Underpinned by instruction in advanced research methods and skills and the comparative study of theoretically informed critical approaches, this MA enables students to develop a nuanced grasp of literature in English and associated aspects of culture in the period from 1790 to the present day.
Students on the MA complete four 30 credit modules in Part I of the course: three compulsory modules—Critical Theory and Bibliography; Shifting Times and Worlds: Modernism and After; and The Child in the Time: Representation of the Child in Modern Literature—and one further optional module, before proceeding to the 60 credit Dissertation in Part II.
Modules reflect staff expertise, for example the utopian urge in the literature of the modern period or the cultural and intellectual history, philosophy and theology of medicine, body and soul, particularly anatomy.
Critical Theory and Bibliography (compulsory) aims to develop students' awareness of the implications of both critical theory and textual scholarship for their own critical practice. The course provides a detailed overview of the development of Critical Theory since Structuralism, while also developing competence in the consultation of bibliographical resources and the evaluation of editorial methods used in the preparation of scholarly editions of literary texts.
Shifting Times & Worlds: Modernism & After (compulsory Year A) offers two parallel reading lists in which the writers are categorized by identity (gender, sexual orientation, and, often hybrid, nationality) as well as form. This shift in focus seeks to avoid any idea of a fixed canon of the ‘best’ and enable the students to have an informed choice in their textual study.
The Child in the Time: Representation of the Child in Modern Literature (compulsory Year B) examines the shifting nature of representing children within both adult and children’s texts. Again, this is a module that mirrors historical developments by tracing a wide variety of texts from the 19th Century to the contemporary. These include the realist novel, Victorian fairy tale fantasies, Golden Age children’s literature and the growing anxiety about the teenager post WW2 in Lord of the Flies and Chocky. The module also accommodates visual literacy by including picture books. The module title pays homage to Ian McEwan’s postmodern text exploring the construction and deconstruction of the figure of the child.

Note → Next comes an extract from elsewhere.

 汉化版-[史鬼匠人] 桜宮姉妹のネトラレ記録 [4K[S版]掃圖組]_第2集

Utopias, Dystopias and the functions of fictions (optional) considers the nature of the utopian genre and how it relates to the novel. It mirrors the historical development of the novel but moves away from realism to introduce new, perhaps less well-known, texts. Its concern with the creation of other worlds accommodates an interest in fantasy while not downgrading intellectual questions.

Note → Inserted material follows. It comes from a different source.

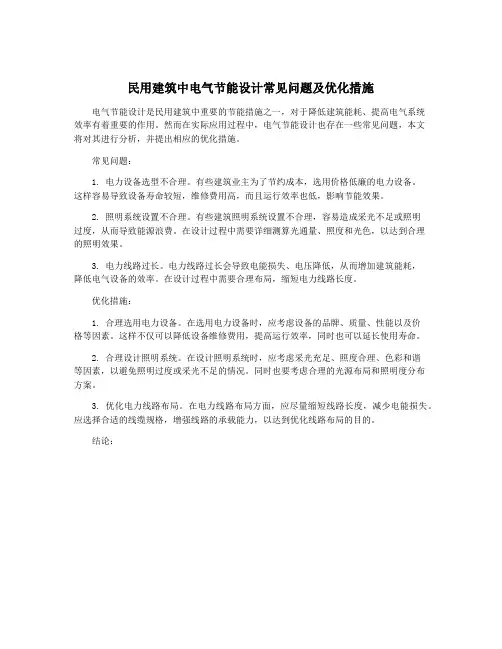 民用建筑中电气节能设计常见问题及优化措施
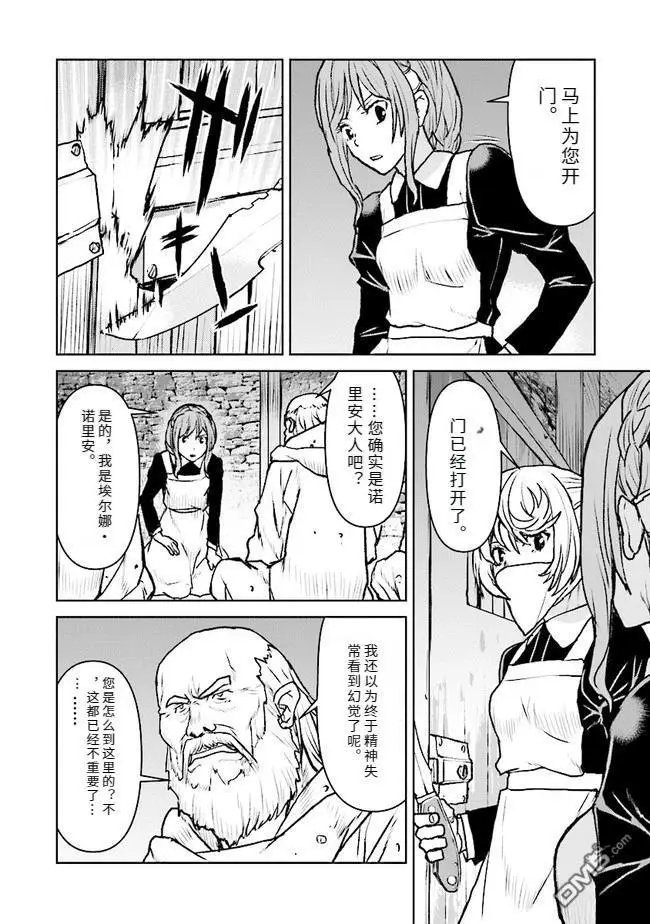 第39话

Other optional modules are:
Epic, Religion, and Philosophy: Spenser and Milton (optional)
This module involves detailed and sustained study of two epic poems – Edmund Spenser’s The Faerie Queene and John Milton’s Paradise Lost. This involves consideration of their place in the development of the genre of epic and its imaginative re-creation in the Renaissance and early modern period. Students will analyse the set texts in terms of various ancient, Renaissance, early modern and modern criteria for defining the ‘epic kind’ of literature, in relation to and as integrating other modes or genres, as appropriate, such as allegory, romance, and lyric. Other earlier or contemporaneous literary texts (or extracts of texts) will be read for purposes of comparison and elucidation, including other poetic and prose works by Spenser and Milton.
Bodily Distempers and Passions of the Mind: Shakespeare and Donne (optional)

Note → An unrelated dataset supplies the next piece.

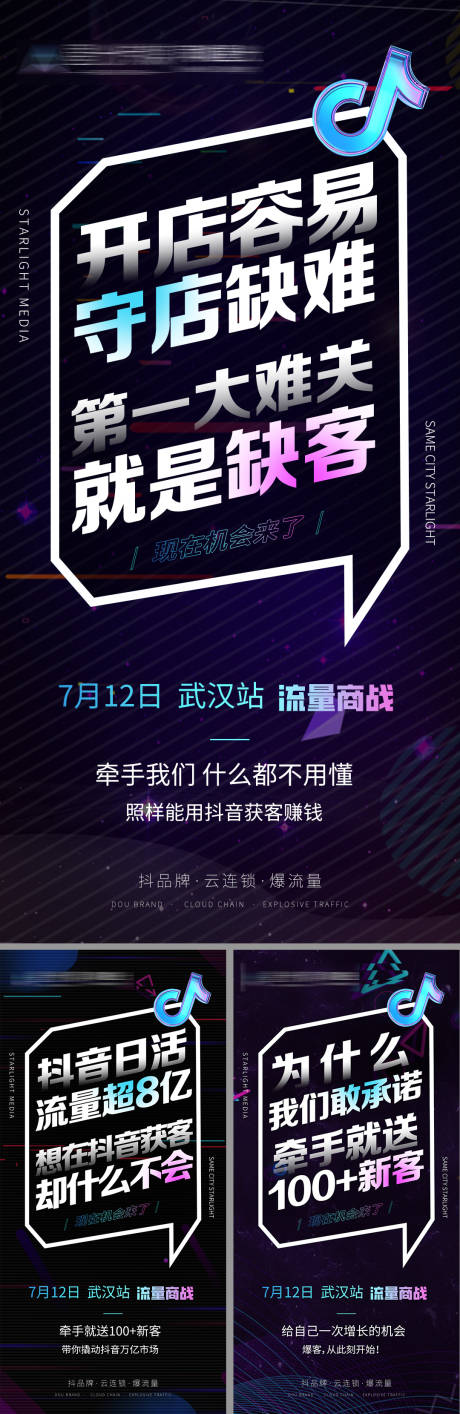源文件下载【抖音引流美业招商海报】编号：34290017679754938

The module will guide students in the scholarly exploration of the Renaissance and early modern representation of bodily, mental, ethical, and political disorder, by focusing the literary work William Shakespeare (1564-1616) and John Donne (1572-1631). Students will engage with writing in a variety of genres, including dramatic tragedy, the sermon, meditation, erotic love sonnet, religious sonnet, and other kinds of lyric. Additional literary and non-literary works by these and other contemporary writers will provide context and scope for comparison.
Celtic Arthur and the Mabinogion (optional)
This module will introduce students to medieval Welsh prose via a detailed study of four native Welsh prose tales, Pedeir Keinc y Mabinogi (the Four Branches of the Mabinogi) in translation. Having placed the legends within the wider context of the eleven Welsh tales, known collectively as the Mabinogi(on), and having surveyed the kind of prose texts available in Welsh in the Middle Ages, students will be introduced to the narrative content of the tales and consider issues relating to dating, manuscript transmission, authorship, literary motifs, style and structure. To what extent is it possible to use linguistic and historical evidence to date the tales and is there any evidence to suggest that they belong to a pre-Christian past? What theories have been proposed regarding authorship of the Four Branches and to what extent do they betray Celtic and/or Norman influence? What is the relationship between the different branches and do they contain any evidence of lost traditions? Students will consider their relationship to early Welsh poetry and medieval triads, as well as their Irish connections. The module will also focus on a number of research questions relating to stylistic features and the importance of oral transmission and performance and consideration will be given to the Mabinogi’s cultural legacy.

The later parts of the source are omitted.